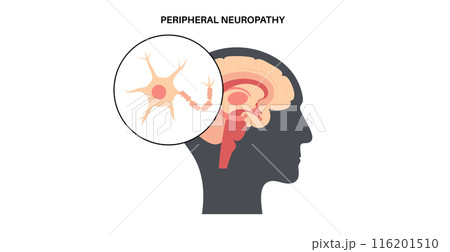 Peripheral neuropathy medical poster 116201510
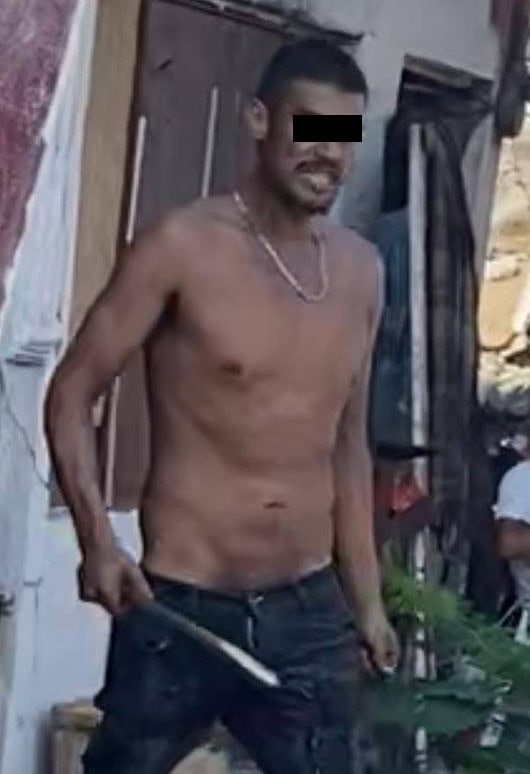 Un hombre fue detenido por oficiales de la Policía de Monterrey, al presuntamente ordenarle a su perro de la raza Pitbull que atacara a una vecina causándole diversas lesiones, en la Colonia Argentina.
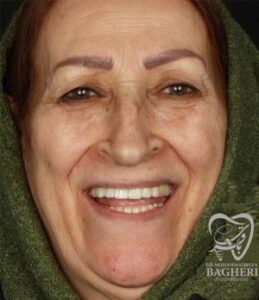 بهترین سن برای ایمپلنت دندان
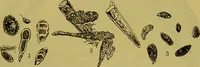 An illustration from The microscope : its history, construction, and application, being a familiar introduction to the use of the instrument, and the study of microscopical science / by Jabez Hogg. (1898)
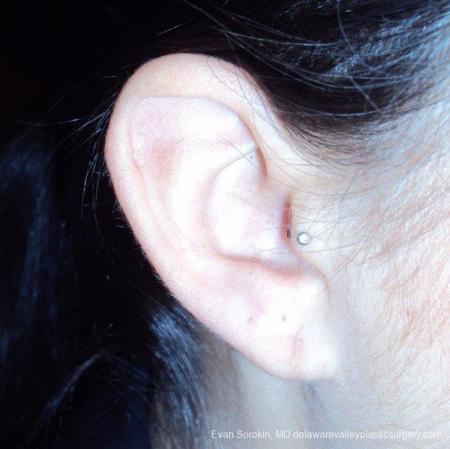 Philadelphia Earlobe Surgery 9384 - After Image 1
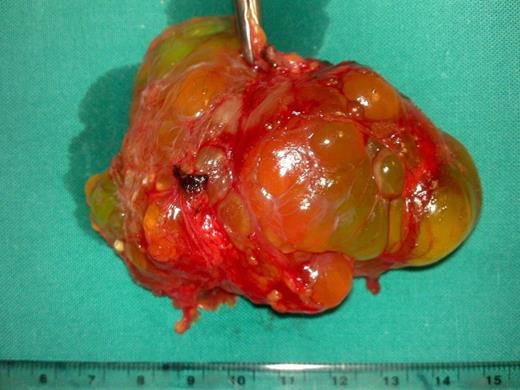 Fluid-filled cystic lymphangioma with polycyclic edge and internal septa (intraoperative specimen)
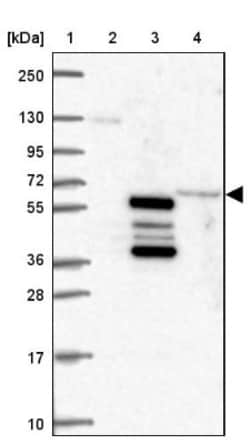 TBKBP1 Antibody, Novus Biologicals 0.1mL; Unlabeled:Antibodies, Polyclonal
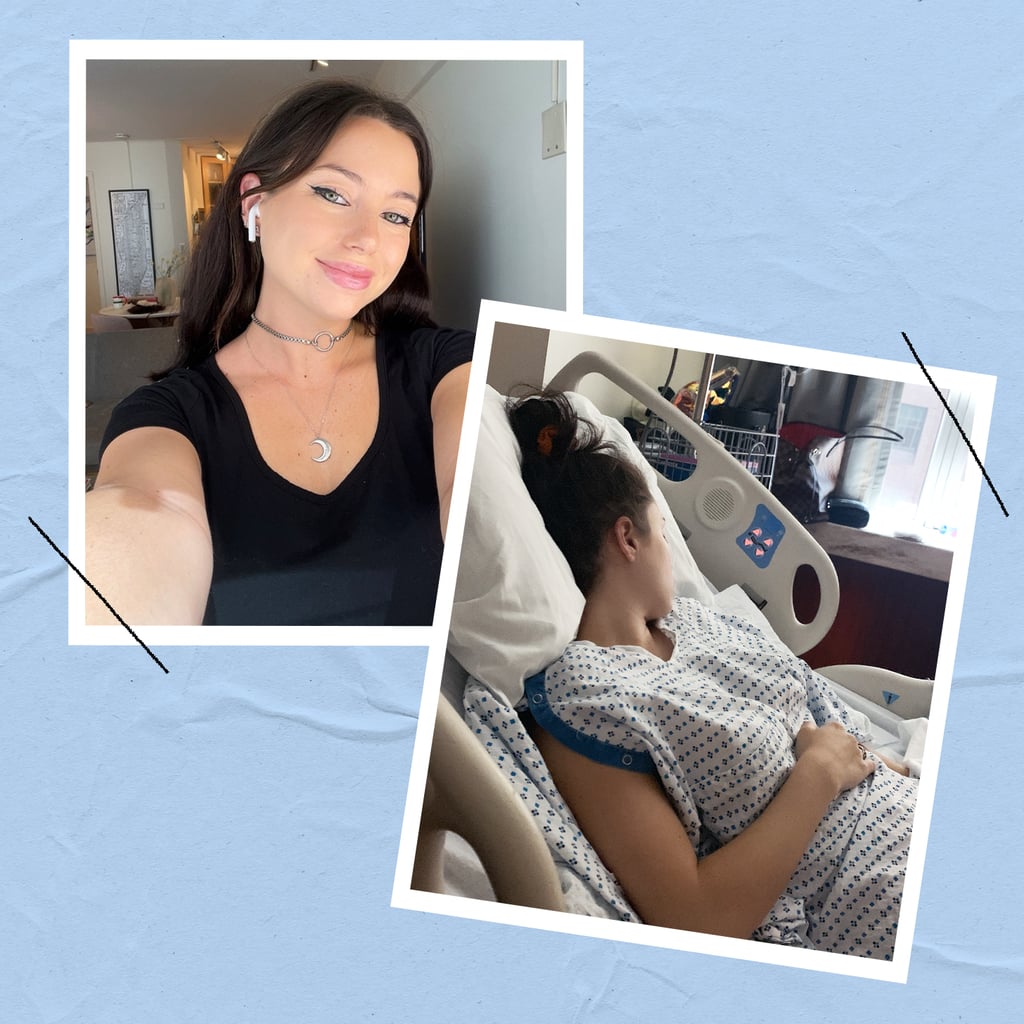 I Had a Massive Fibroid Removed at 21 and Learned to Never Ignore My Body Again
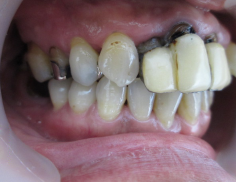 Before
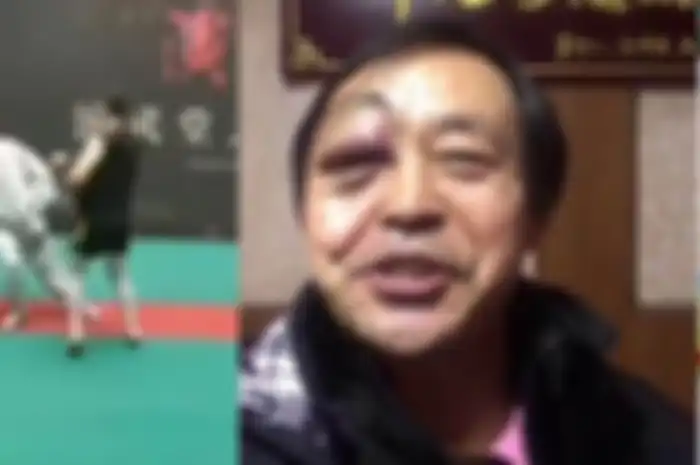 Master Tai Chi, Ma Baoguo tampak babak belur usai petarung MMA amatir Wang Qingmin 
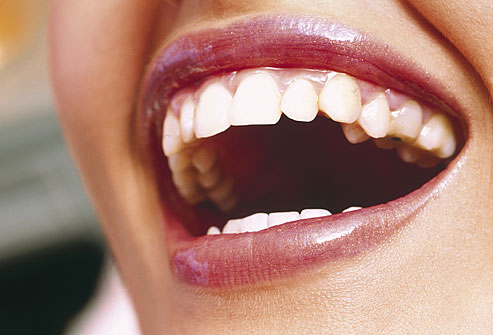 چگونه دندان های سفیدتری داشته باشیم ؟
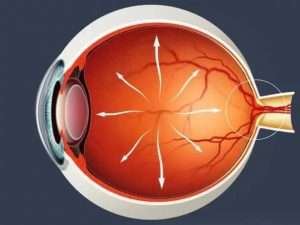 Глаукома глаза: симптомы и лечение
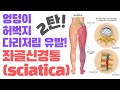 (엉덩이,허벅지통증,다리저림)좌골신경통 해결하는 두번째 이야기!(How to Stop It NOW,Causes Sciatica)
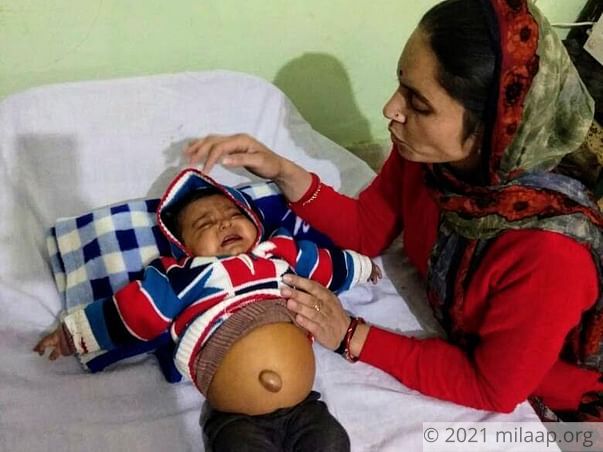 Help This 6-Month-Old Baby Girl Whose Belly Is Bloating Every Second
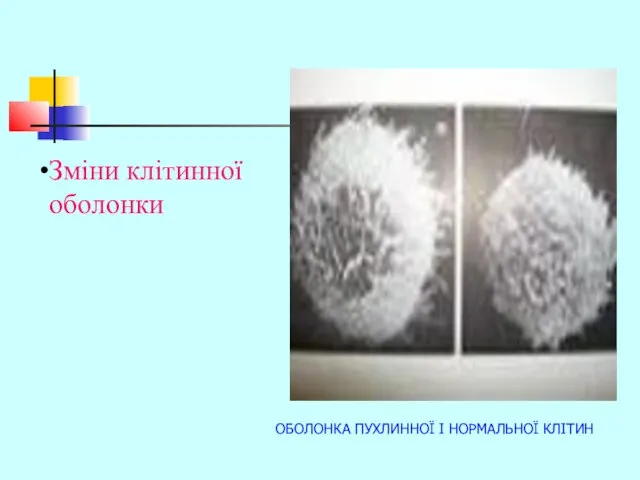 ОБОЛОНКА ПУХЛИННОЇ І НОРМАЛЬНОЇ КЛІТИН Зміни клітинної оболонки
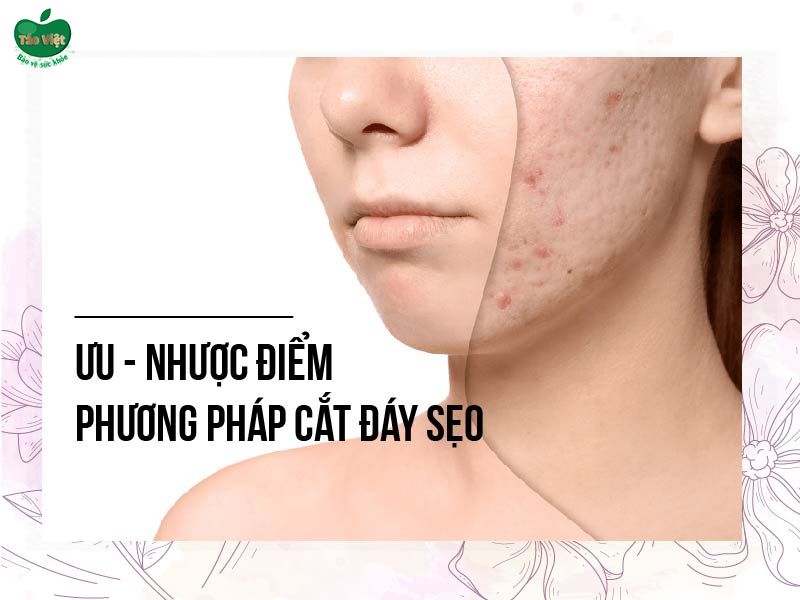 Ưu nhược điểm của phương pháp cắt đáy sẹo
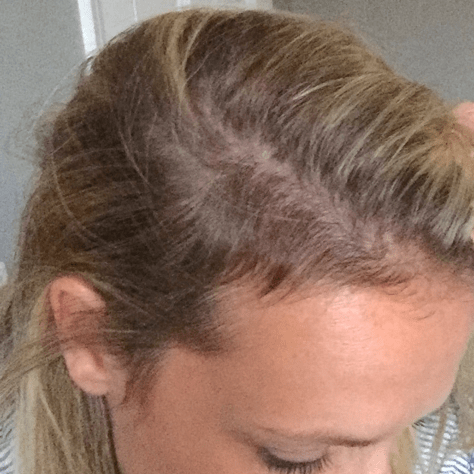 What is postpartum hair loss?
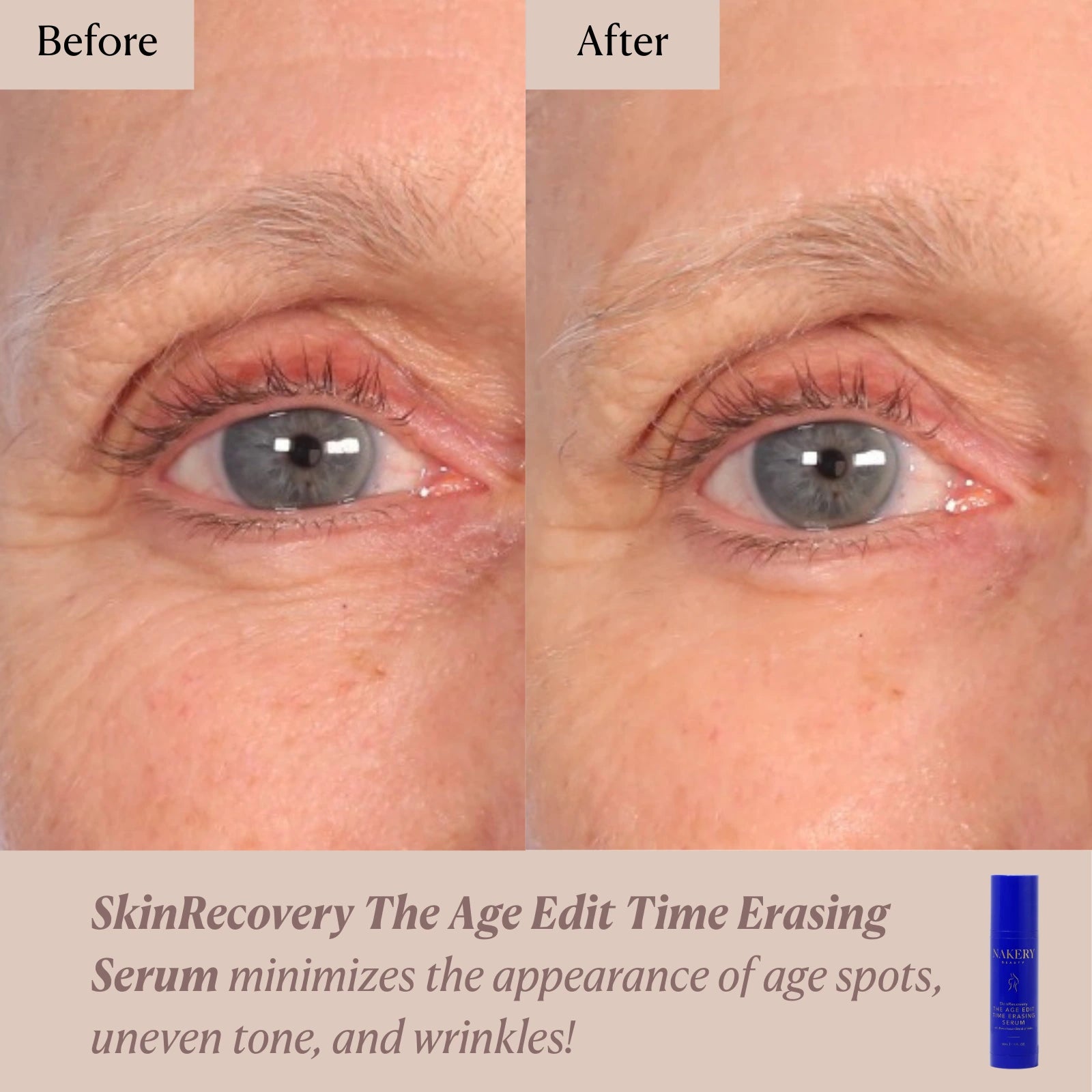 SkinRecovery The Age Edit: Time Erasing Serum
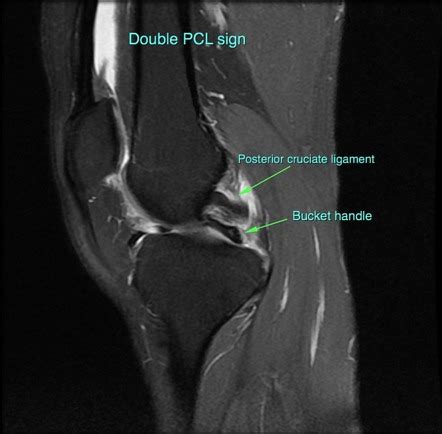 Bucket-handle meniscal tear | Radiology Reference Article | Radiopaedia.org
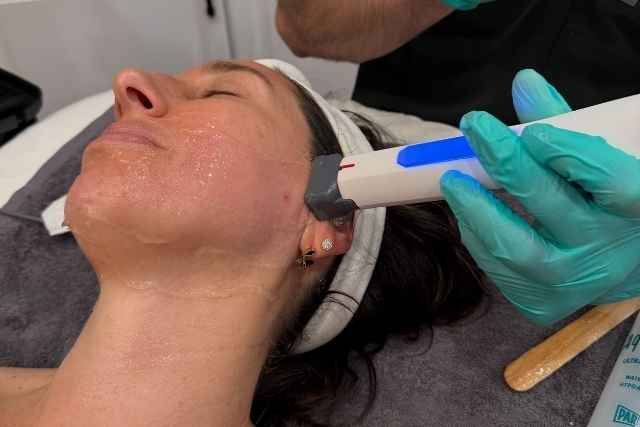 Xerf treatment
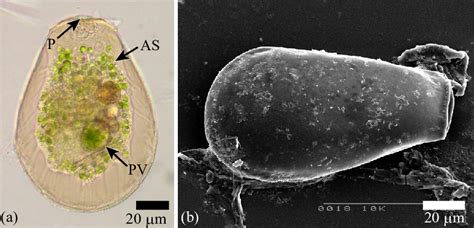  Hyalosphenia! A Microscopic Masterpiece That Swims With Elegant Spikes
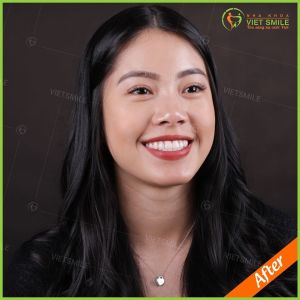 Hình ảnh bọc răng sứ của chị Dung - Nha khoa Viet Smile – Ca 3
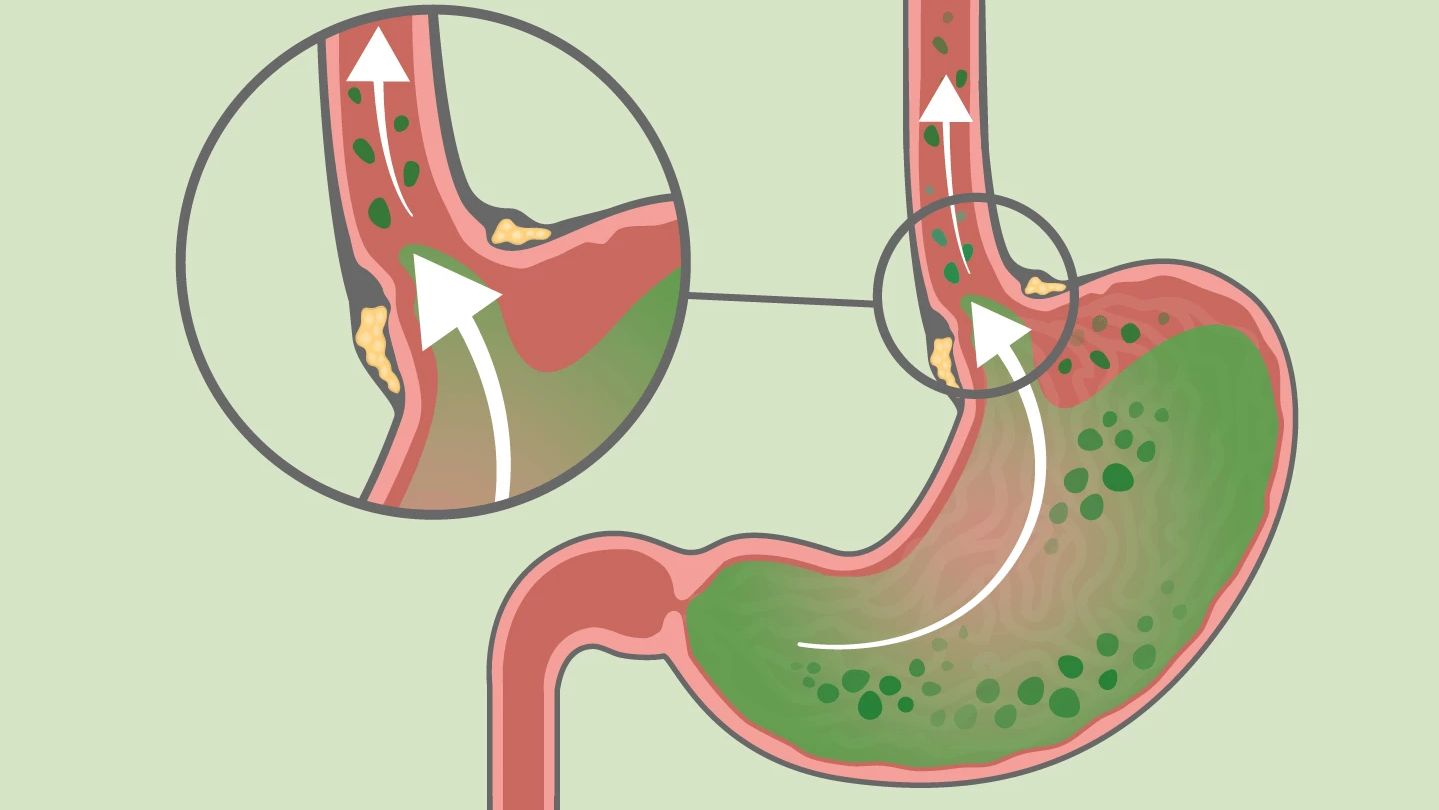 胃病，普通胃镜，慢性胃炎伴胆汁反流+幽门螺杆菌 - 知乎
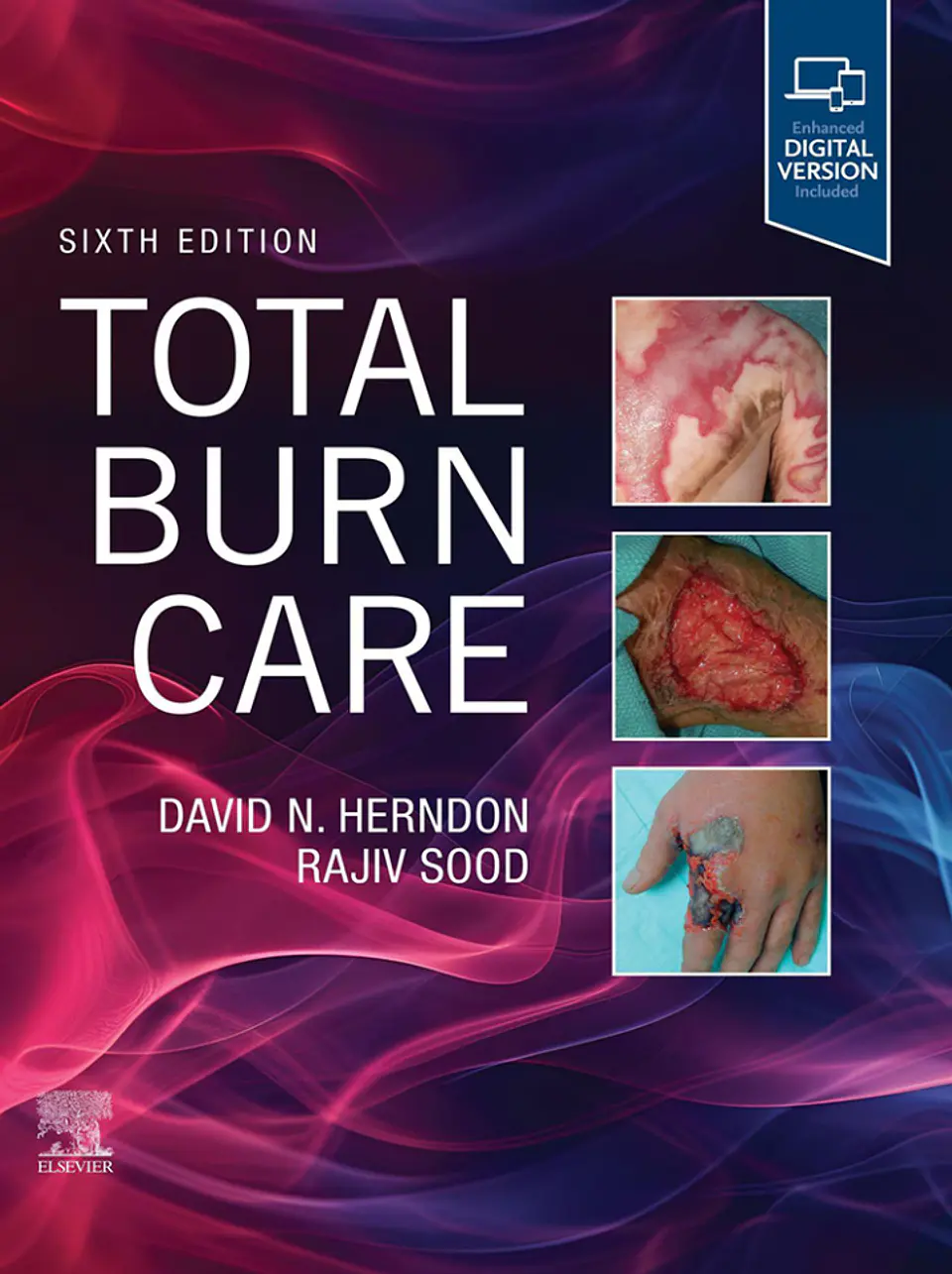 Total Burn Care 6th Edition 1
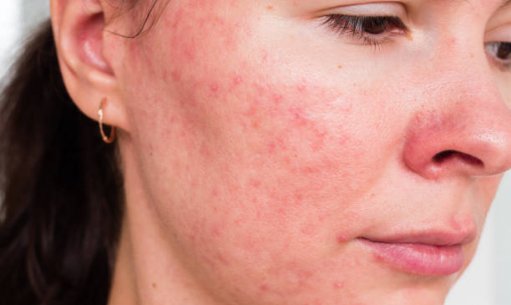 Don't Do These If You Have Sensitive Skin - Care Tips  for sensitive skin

## [Work instructions]
Return the lines above from the one with "Help This 6-Month-Old" through the one with "SkinRecovery The Age", verbatim and nothing else. Omit every picture.

## [Task response]
 Help This 6-Month-Old Baby Girl Whose Belly Is Bloating Every Second
 ОБОЛОНКА ПУХЛИННОЇ І НОРМАЛЬНОЇ КЛІТИН Зміни клітинної оболонки
 Ưu nhược điểm của phương pháp cắt đáy sẹo
 What is postpartum hair loss?
 SkinRecovery The Age Edit: Time Erasing Serum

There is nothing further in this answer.